Est-ce que le film a été ou va être montré dans les écoles en Turquie ?
Dans les écoles non, mais à l’université, oui. Avant Cannes, je l’ai montré dans trois universités. C’est d’ailleurs après une projection dans une faculté d’Istanbul que j’ai appris que le film allait à Cannes. Je venais de le présenter, on était en plein débat quand à la fin, j’ai vu un texto de Ron Dyens, le producteur : « Yes pour Cannes ! ». Là, ça va plus loin : le film va être montré à la télévision turque, sur la chaîne privée NTV, avec un débat à la clé. Cette diffusion est inespérée, c’est un souhait que j’avais mais que je croyais impossible à réaliser.
Par le passé, tu as eu l’opportunité de fréquenter plusieurs festivals. Qu’est-ce que l’effet Cannes – une sélection, une Palme – a pu t’apporter ?
Il y a plusieurs niveaux de lecture. En premier lieu, l’émotion. C’est une émotion forte d’être reconnu par des pairs qu’on estime, notamment par un jury présidé par Atom Egoyan pour qui j’ai une réelle admiration en tant qu’artiste. Cannes, c’est quelque chose d’énorme. Je ne mesurais pas à quel point c’était mondial : on t’écrit de partout, le film est demandé dans le monde entier, je reste devant mon ordinateur jusqu’à minuit pour répondre à différentes demandes et prendre des décisions dans différentes langues.

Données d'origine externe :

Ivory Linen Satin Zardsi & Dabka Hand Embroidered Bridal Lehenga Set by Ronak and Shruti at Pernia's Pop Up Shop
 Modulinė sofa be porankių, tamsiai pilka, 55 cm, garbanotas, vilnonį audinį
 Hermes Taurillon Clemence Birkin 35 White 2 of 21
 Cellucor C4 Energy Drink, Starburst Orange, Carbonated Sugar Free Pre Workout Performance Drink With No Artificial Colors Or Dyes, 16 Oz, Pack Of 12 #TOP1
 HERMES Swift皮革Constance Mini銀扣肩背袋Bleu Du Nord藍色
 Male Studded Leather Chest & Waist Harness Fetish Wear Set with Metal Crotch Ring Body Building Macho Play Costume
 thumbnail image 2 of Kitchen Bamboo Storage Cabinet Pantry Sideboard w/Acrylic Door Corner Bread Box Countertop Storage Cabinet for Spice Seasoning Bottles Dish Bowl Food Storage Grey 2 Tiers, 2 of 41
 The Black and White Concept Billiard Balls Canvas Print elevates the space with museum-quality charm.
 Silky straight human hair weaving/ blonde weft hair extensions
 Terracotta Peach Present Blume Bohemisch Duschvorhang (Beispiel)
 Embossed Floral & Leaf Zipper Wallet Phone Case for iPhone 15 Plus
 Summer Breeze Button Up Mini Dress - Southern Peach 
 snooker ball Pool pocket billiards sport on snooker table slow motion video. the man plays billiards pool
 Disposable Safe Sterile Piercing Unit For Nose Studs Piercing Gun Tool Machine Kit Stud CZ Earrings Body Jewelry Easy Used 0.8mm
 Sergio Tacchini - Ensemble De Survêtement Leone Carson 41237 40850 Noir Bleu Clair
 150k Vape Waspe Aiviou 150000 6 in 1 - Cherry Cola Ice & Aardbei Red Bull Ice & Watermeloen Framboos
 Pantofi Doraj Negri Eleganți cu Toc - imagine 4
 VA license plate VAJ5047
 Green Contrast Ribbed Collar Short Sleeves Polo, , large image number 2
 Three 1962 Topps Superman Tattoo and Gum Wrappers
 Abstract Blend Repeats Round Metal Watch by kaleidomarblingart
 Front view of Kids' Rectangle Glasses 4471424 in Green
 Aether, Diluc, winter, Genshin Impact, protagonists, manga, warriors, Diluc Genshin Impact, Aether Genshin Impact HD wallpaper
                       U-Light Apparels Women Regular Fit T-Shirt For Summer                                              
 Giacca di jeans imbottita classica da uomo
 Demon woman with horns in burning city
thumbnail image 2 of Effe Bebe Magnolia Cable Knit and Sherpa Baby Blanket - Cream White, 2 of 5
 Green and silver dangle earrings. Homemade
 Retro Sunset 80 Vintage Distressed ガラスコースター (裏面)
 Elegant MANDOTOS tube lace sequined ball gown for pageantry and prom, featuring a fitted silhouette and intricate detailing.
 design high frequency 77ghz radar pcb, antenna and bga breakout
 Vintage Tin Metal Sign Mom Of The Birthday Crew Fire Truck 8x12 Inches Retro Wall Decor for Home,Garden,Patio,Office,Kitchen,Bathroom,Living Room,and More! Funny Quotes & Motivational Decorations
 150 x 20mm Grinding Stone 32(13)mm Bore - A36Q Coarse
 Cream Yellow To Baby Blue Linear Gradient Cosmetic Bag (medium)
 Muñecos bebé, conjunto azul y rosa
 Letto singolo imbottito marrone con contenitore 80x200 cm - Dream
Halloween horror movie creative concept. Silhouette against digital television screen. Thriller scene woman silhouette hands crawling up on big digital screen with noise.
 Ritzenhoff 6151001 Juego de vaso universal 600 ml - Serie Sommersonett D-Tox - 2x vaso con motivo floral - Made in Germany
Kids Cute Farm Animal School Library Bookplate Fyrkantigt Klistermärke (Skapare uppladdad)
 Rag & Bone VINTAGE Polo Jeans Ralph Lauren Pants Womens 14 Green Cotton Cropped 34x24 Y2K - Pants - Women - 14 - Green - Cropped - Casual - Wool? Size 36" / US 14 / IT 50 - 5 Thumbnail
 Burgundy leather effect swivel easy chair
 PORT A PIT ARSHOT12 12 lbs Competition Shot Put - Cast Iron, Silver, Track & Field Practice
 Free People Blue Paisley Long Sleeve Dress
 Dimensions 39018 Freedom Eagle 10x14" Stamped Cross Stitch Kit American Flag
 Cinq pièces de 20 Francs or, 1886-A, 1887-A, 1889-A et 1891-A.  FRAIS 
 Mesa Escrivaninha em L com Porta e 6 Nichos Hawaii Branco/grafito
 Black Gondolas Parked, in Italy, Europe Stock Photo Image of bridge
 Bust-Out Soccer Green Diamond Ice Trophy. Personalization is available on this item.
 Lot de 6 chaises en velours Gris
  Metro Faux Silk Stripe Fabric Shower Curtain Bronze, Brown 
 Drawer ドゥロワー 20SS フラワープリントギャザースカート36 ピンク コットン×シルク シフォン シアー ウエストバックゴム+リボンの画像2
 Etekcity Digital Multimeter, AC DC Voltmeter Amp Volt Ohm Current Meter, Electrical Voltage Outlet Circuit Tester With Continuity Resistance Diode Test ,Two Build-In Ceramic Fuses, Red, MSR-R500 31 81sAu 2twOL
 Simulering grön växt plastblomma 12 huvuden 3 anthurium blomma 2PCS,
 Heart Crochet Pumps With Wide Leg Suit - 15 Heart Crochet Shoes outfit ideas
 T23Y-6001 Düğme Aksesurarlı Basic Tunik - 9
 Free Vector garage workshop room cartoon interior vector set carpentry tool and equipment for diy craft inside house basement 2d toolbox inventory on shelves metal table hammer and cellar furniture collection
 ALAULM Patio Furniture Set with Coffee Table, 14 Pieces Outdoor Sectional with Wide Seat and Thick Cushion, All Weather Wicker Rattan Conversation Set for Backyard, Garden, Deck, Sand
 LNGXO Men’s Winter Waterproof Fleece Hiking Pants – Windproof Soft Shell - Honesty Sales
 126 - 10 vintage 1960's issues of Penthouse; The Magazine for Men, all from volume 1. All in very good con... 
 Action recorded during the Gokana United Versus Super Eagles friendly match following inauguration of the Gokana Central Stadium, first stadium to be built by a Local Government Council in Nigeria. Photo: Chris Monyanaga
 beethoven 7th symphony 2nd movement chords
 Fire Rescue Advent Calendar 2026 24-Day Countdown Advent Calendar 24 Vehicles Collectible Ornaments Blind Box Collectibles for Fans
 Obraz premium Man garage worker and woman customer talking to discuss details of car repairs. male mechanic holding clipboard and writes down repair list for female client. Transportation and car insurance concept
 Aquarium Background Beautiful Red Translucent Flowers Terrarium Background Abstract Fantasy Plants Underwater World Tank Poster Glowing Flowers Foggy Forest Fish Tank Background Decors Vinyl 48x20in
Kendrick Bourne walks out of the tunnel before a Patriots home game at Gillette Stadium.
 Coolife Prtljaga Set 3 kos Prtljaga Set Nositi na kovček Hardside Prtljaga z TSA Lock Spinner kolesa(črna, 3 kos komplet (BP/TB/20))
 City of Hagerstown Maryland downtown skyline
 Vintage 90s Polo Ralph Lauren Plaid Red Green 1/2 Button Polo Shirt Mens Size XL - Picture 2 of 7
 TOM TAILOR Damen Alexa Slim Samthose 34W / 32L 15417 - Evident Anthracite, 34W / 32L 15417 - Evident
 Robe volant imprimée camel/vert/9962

Pour l’instant, l’effet Cannes, je le vis au jour le jour. Je le mesurerai plus tard, je pense. En tout cas, ce que j’observe pour le moment, c’est que c’est formidable pour le film. Il va faire des festivals qu’il n’aurait probablement jamais fait, il s’ouvre à des endroits du monde inattendus (l’Asie, les Etats-Unis). D’un coup, les frontières tombent plus rapidement. Cannes est un accélérateur de particules, un amplificateur, une caisse de résonance : ce qu’on dit habituellement se vérifie. Vingt-six copies ont déjà été tirées rien qu’en France. Certaines personnes n’auraient jamais eu la chance de voir le film sans cette ouverture.